A no-deal or hard-Brexit would likely see Sterling fall further and re-test the post-referendum lows until investors thought that the risk/reward of buying and holding Sterling fell heavily in their favor.
Conversely a soft-Brexit or a mutually compatible trade deal between the EU and the UK would send the British Pound sharply higher with the recent double-highs around GBPUSD 1.4300 a near-term target.
GBPUSD Weekly Price Chart
In contrast the FTSE 100 – an index made up of the top 100 UK companies by market capitalization – has risen steadily since October 2016, setting new highs along the way. The FTSE 100 is primarily made up of exporting companies who benefit when sterling weakens, especially against the US dollar, boosting the value of the company. This inverse correlation may come under pressure when a deal/no deal is announced. A wave of optimism for a soft-deal or mutually agreement trade agreement would likely send both asset classes higher while a no-deal Brexit may weigh heavily on both asset classes.

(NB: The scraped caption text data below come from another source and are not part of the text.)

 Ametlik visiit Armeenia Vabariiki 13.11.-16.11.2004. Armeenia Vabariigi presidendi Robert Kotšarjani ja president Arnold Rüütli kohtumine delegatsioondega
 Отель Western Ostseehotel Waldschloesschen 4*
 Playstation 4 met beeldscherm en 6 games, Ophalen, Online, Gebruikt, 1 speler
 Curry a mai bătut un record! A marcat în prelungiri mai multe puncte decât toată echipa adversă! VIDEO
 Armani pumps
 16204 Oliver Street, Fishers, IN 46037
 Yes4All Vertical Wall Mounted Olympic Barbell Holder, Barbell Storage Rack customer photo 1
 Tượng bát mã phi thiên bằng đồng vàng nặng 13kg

FTSE 100 Weekly Price Chart
If we look at EURGBP we can see that after the post-referendum initial volatility, the pair have settled in a trading range as talks progress. A hard Brexit or no-deal will negatively affect both economies, a lose-lose outcome, and both sides underneath all the rhetoric are actively working to stop this from happening. The worry is that either side may have become so entrenched in their position already that a soft Brexit becomes impossible and the UK leaves the EU without any trade agreement.
EURGBP Weekly Price Chart
The impact on the UK economy as we stand has been marginal since the June 2016 vote with growth subdued, inflation above the central bank’s target, while UK unemployment is currently at its lowest level in four decades. However, as we move towards March 2019 with no deal in sight, companies will increase their readiness for a ‘Hard Brexit’, moving production abroad and reducing their UK workforce. In addition, the UK’s dominant, and highly-prized, service sector will take a marked hit, not only lowering UK growth but also negatively impacting the countries’ tax revenue.
The EU will also suffer if no deal has been agreed. In 2017, the UK imported £341 billion of goods from the EU while exporting £274 billion the other way – a trade deficit of £67 billion with the EU made up of a £28 billion surplus on trade in services and a £95 billion deficit on trade in goods.

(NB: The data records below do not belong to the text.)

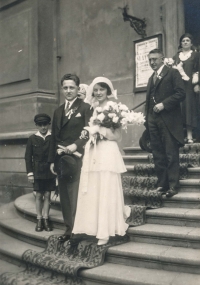 Marie Kselíková, svatba rodičů, Praha, 1931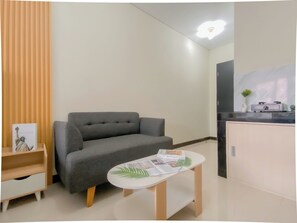 Standard Studio, 1 Bedroom | Living area - Comfy Studio At Nifarro Park Apartment (Jakarta)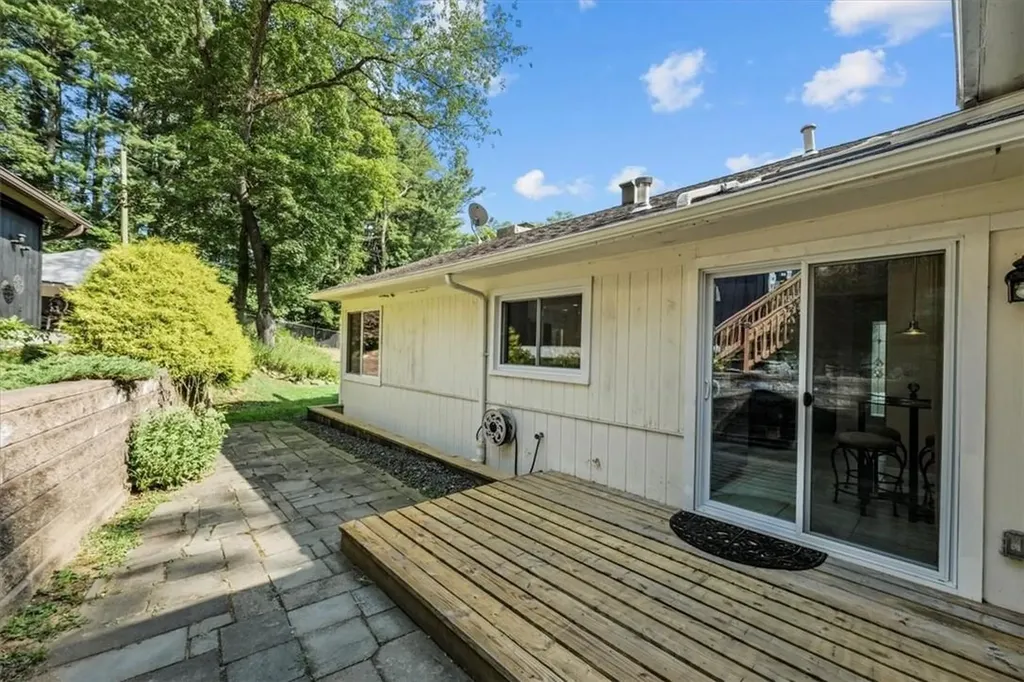 33 Reservoir Road White Plains NY 10603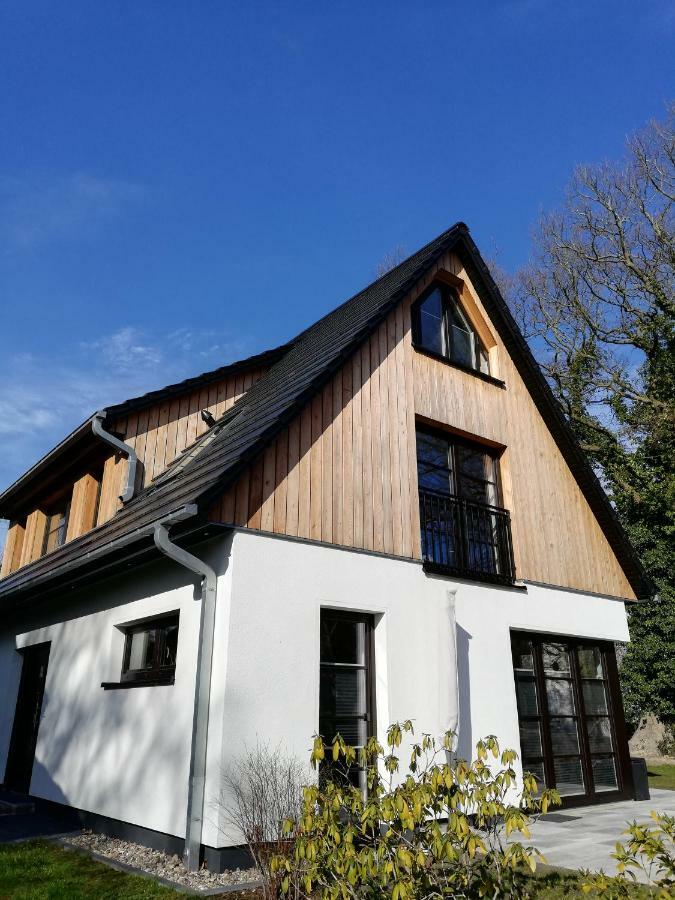 Darsser Strandgut - Haus Ahrenshooper Holz Eksteriør billede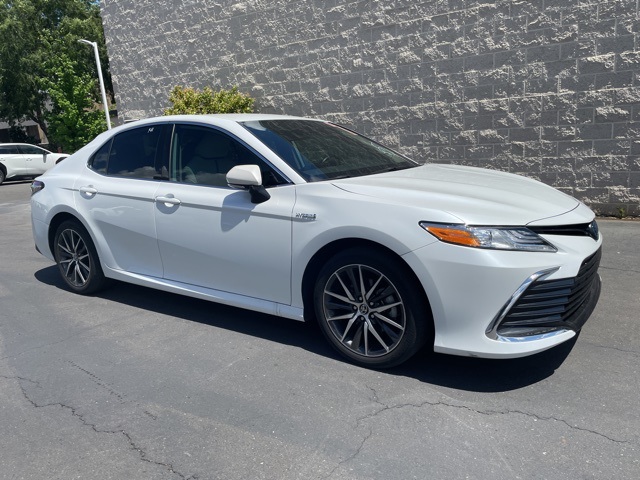 2021 Toyota Camry Hybrid XLE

Brexit – Timeline and Potential Volatility Crunch Points
October 2018 – End of EU-UK negotiations on withdrawal and draft agreements published.
October 18-19, 2018 – European Council Meeting. Both the EU and UK hope to agree the shape of their future trading relationship.
December 13-14, 2018 – European Council Meeting. Second chance for EU and UK to agree a future trading relationship.
March 21-22, 2019 – European Council Meeting
March 29, 2019 – UK expected to leave the EU.
March 30, 2019/December 2020 – Transition and implementation period.
Before and in-between these meetings a secondary narrative is playing out within the UK government. Members of Parliament (MPs) in the ruling Conservative Party are fairly evenly split between strident ‘leavers’ and ‘remainers’ making it very difficult for the government to find consensus on any Brexit negotiation or bill.
Brexit – Countdown to March 2019
As we stand there has been very little headway made between the two sides as the UK nears the exit. The EU continues to stand firm on their four pillars, repeatedly telling the UK that they will not move, while the UK’s bargaining stance has been weakened by internal politicking within the ruling Conservative Party. Some progress has been made on the rights of UK and EU citizens and potential trade – but not services – while the thorny issue of a hard border in Ireland and the role of the European Court of Justice post-Brexit continue to weigh on negotiations.